Changpeng “CZ” Zhao, CEO of the world’s first exchange, Binance, disagrees. “Should we list everything? I don't know,” he tells me, a week after the terra luna meltdown. “I mean, Netflix dropped on Nasdaq. Should we not have a stock exchange?” He says that he did not see any “intentional scamming behavior” from the terra luna team, and he still believes in the potential of algorithmic stablecoins. Binance invested $3 million in the terra luna project in 2018.
“Let’s take a longer view. No currency we use today has lasted longer than 300 years,” CZ says. (Terra luna lasted about three years.)

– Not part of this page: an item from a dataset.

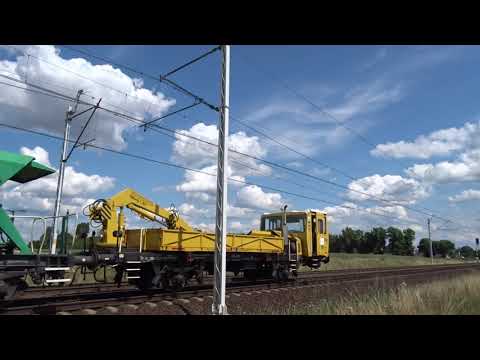 Drezyna WM15A i 2 pełne szutrówki ZRK DOM Poznań. Łowicz 21.07.2023.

In many circles, the hope is that the current market collapse will end up teaching people some valuable lessons about who to trust and who not to. Some hope it could also cleanse the industry of the weaker, frothier projects. An oft-repeated analogy is to what happened when the dotcom bubble popped: Legions of shonky startups fizzled out of existence, leaving behind the Amazons and the eBays. “These down markets are good for crypto because they’re humbling,” says Kristin Smith, executive director of cryptocurrency lobbying group the Blockchain Association. “This is ultimately going to make everyone better and stronger.” Furthermore, she says, regulators are taking notice, and they’ll act more swiftly now that they have clear examples of what can go wrong.
That does not necessarily mean that we have heard the last of cuckoo crypto finance. “People are stupid,” Ardoino says. “They will make the same mistakes again. That happens in the traditional financial industry: People go long and short on futures all the time everywhere, not just in crypto. There is only so much you can teach people.”